SU‐FF‐J‐158: An Open Source Software Tool for Treatment Planning for Small Animal Conformal Radiotherapy

Abstract

Purpose: A treatment planning environment for a novel microCT‐based small animal conformal radiotherapy system has been developed. Built on the RT_Image open source package, the software allows planning based on CT data as well as other coregistered image types, and is integrated with a Monte Carlo dose calculation system. Method and Materials: The core RT_Image application allows display, registration, and region‐of‐interest (ROI) analysis of a variety of image types. A set of tools for defining beams was added to this application, matching the specifications of a microCT radiotherapy unit with a variable‐aperture collimator. Beams can be added and configured manually, or can be set to conform to a 3D region of interest.
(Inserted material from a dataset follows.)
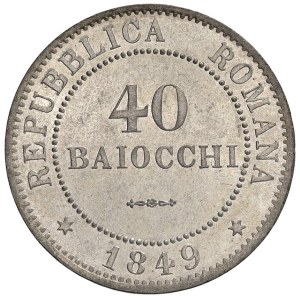 Papal coins - * Seconda repubblica romana (1848-1849) 40 Baiocch...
Beam commissioning tissue maximum ratio (TMR) data for the system was incorporated into the application to allow isocenter dose estimation based on its depth. In addition, the software was configured to allow creation of phantom and input files for an EGSnrc Monte Carlo dose calculation engine. The 3ddose files generated by this separate software can then be imported into RT_Image for analysis. Results: Pseudocircular beams of arbitrary geometries can be simulated and viewed from arbitrary directions in RT_Image. Calculation of isocenter depth in tissue is done automatically within 1 second per beam, allowing estimation of isocenter dose using the included TMR data. The interfaces for creating EGSnrc phantom and input files allow flexible specification of phantom materials, Hounsfield and density lookup tables, and simulation parameters. Imported Monte Carlo dose simulations can be analyzed using ROI and dose volume histogram (DVH) techniques, and agree with TMR dose calculations to within 10% at isocenter. Conclusion: An open source tool for planning and simulating small animal radiation treatments has been constructed. Future development of this package will include inverse planning algorithms and control of the microCT hardware to deliver treatments.